--- Available data ---
=======

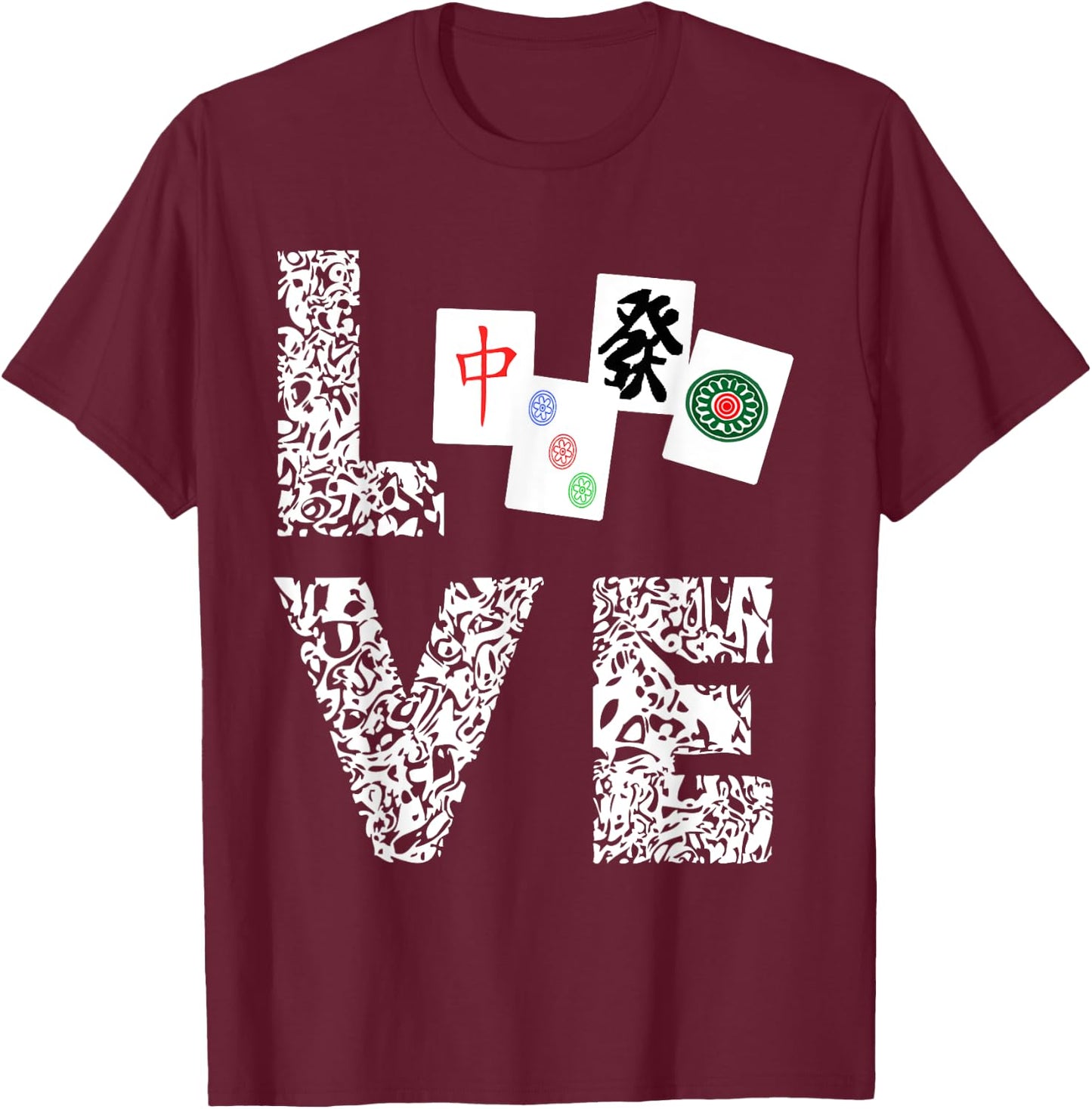Mahjong Love Playing Chinese Game Mah Jongg Player T-Shirt - T-Shirt | Maroon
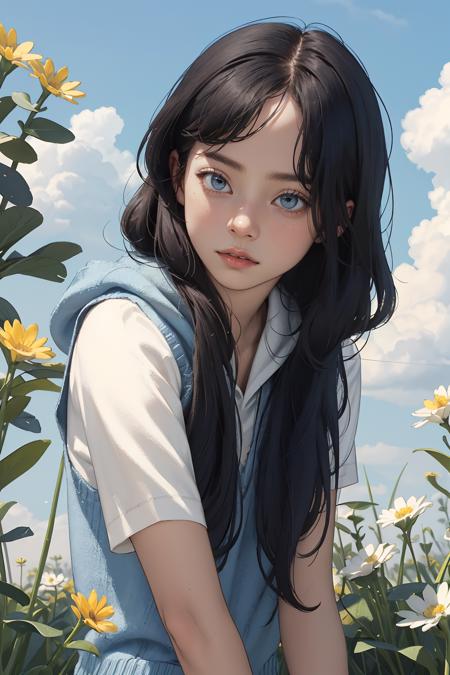 (masterpiece, best quality),1girl, solo, flower, long hair, outdoors, letterboxed, school uniform, day, sky, looking at viewer, short sleeves, parted lips, shirt, cloud, 
light wavy hair,streaked hair,hoodie,sweater vest, upper body, blue sky, depth of field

=======

--- Task statement ---
Retype the listing exactly and drop the pictures.

--- Answer for this exercise ---
Mahjong Love Playing Chinese Game Mah Jongg Player T-Shirt - T-Shirt | Maroon
 (masterpiece, best quality),1girl, solo, flower, long hair, outdoors, letterboxed, school uniform, day, sky, looking at viewer, short sleeves, parted lips, shirt, cloud, 
light wavy hair,streaked hair,hoodie,sweater vest, upper body, blue sky, depth of field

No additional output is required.